One of every six pregnancies is exposed to methyl mercury above EPA's safe level from maternal consumption of contaminated seafood (CDC 2002, Mahaffey 2004). Thimerosal, a preservative in vaccines that is 49 percent ethyl mercury, was a major source of mercury exposure from 1988 through 2002 when it was removed from childhood immunizations at the urging of the Public Health Service and the American Academy of Pediatrics. Elemental mercury from dental amalgams is another potentially important source, but its contribution to overall mercury exposure is less well studied.

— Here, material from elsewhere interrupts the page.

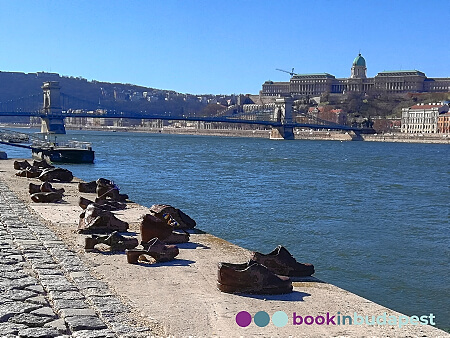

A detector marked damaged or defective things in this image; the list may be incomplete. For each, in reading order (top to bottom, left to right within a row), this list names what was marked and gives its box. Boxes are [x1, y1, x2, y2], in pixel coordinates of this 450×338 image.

The incidence of autism increased 10-fold from 6 in 10,000 in the 1980s (Blaxill 2004), to about 60 in 10,000 today (Autism Alarm, PDF file). These new findings significantly strengthen the possibility that mercury could cause or contribute to autism and other neurodevelopmental disorders by identifying a metabolic imbalance common to nearly all autistic children that would make these children poorly equipped to mount a defense against a number of neurotoxic compounds, including mercury.
These findings could have major implications for public health protections from toxic chemicals in the environment. They identify a subgroup of people at increased risk of harm, and provide important new evidence that policies designed to protect the average person, or even the average child, from chemical exposure, are insufficient to fully protect the public health. Environmental and health officials must evaluate the adequacy of current laws and policies to protect individuals with a heightened sensitivity to chemical exposure.
Finally, these findings raise serious concerns about the studies that have allegedly proven the safety of mercury in vaccines. The epidemiologic studies used to dismiss a causal relationship between autism and thimerosal have assumed that all children have the same resistance to chemical exposure. To properly investigate the potential harm from mercury-containing shots researchers would have to compare autism rates in children with the same type of vulnerability.